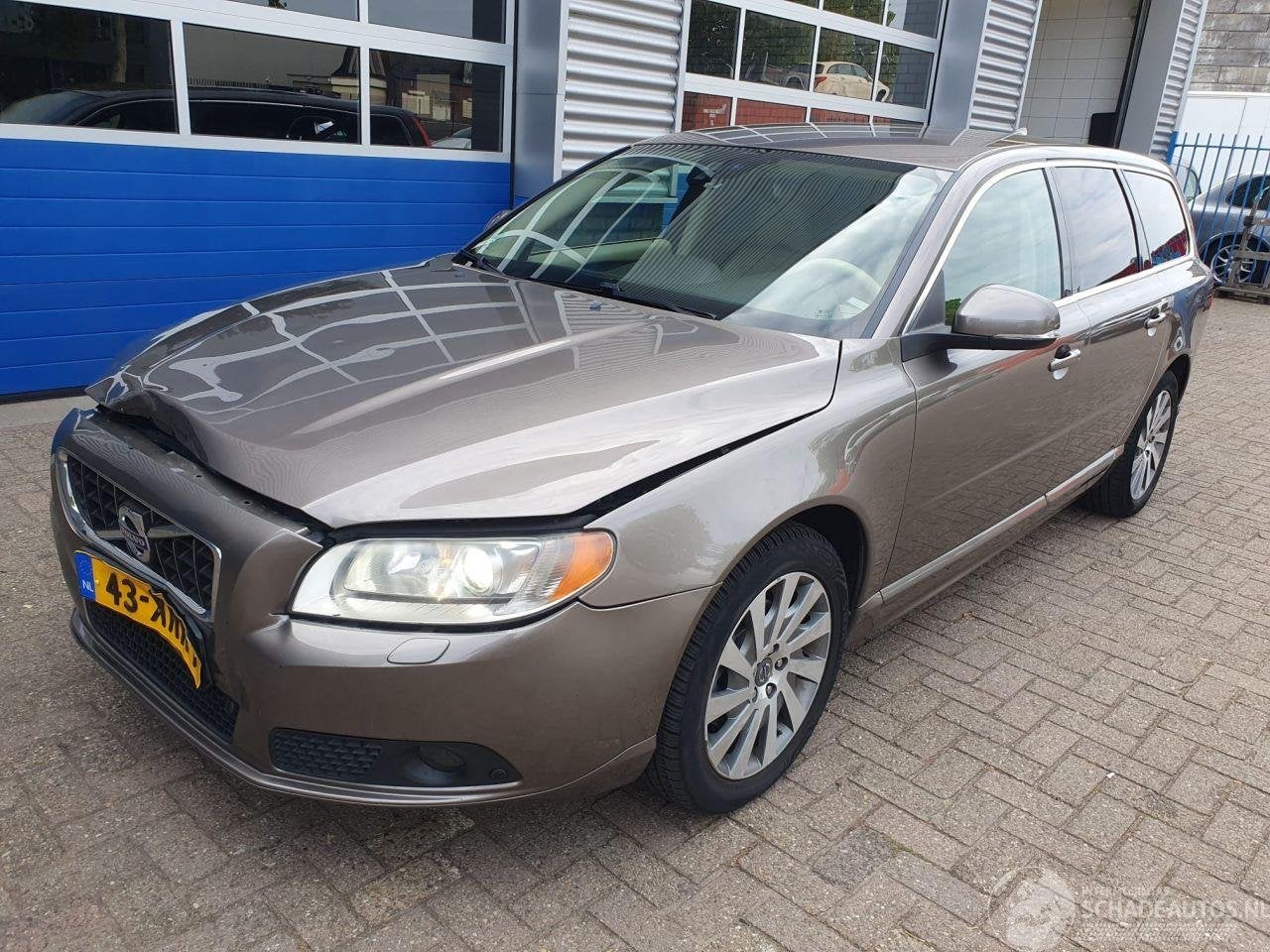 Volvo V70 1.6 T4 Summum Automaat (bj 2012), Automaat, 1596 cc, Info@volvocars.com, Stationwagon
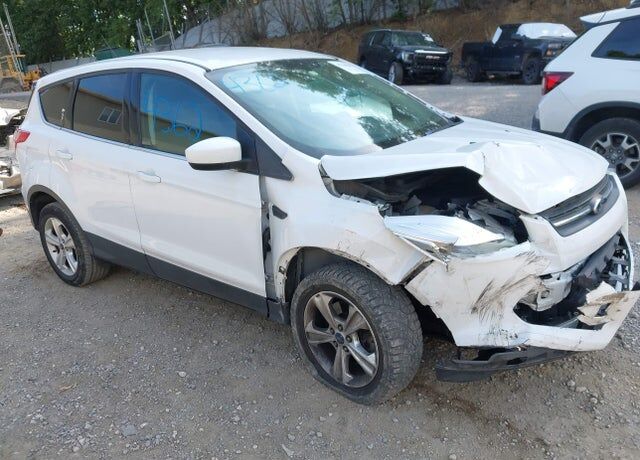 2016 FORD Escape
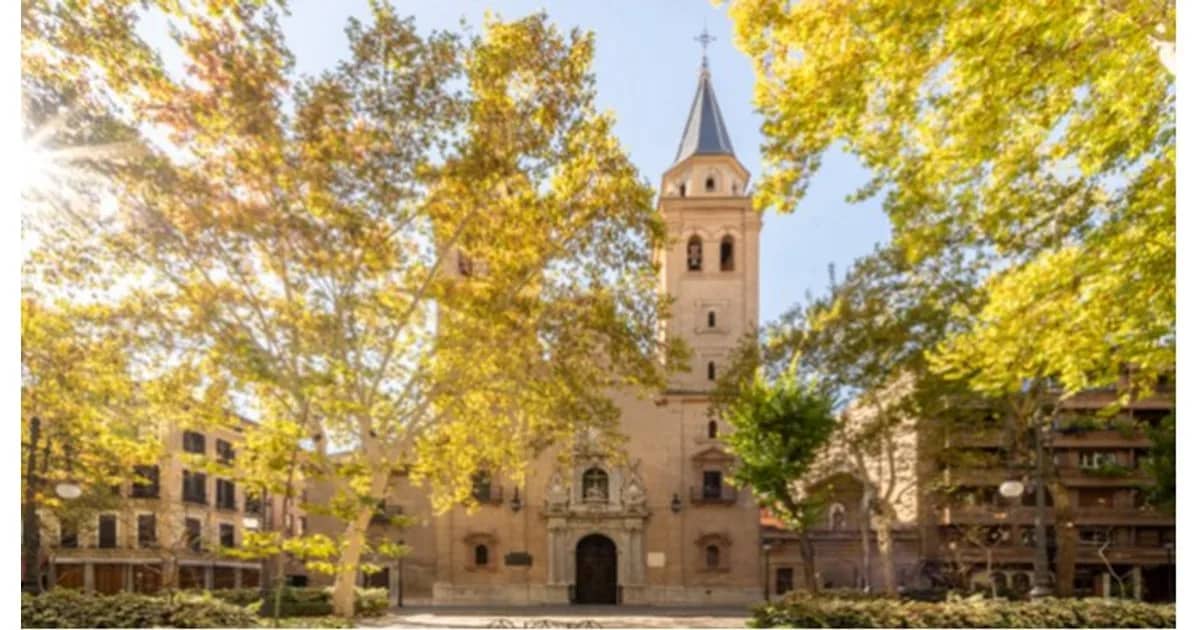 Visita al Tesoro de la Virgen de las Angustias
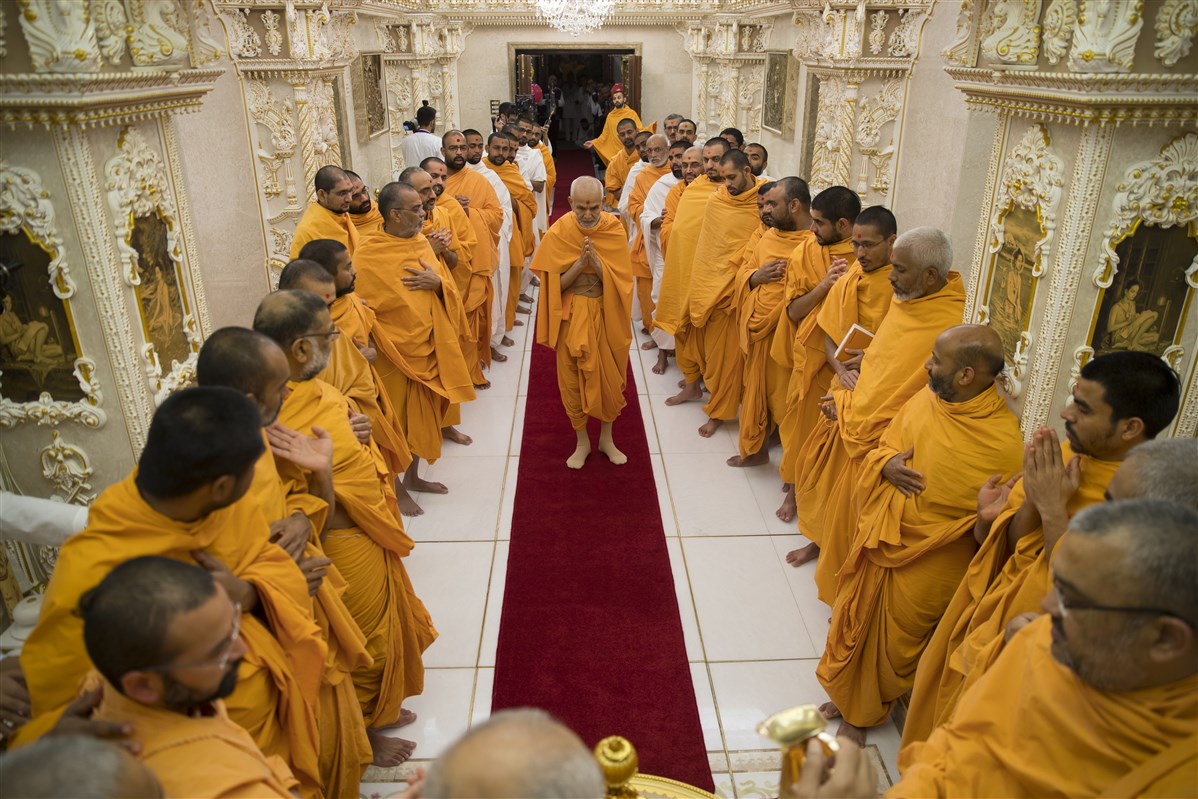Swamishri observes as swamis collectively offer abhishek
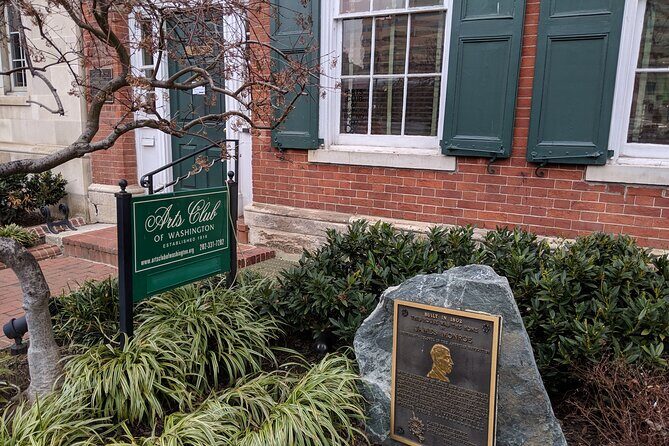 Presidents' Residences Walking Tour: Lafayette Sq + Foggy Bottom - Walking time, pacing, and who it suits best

• _Description of the task_
Keep every word of the lines above unchanged in the copy, and omit the pictures.

• _Answer space_
 Volvo V70 1.6 T4 Summum Automaat (bj 2012), Automaat, 1596 cc, Info@volvocars.com, Stationwagon
 2016 FORD Escape
 Visita al Tesoro de la Virgen de las Angustias
Swamishri observes as swamis collectively offer abhishek
 Presidents' Residences Walking Tour: Lafayette Sq + Foggy Bottom - Walking time, pacing, and who it suits best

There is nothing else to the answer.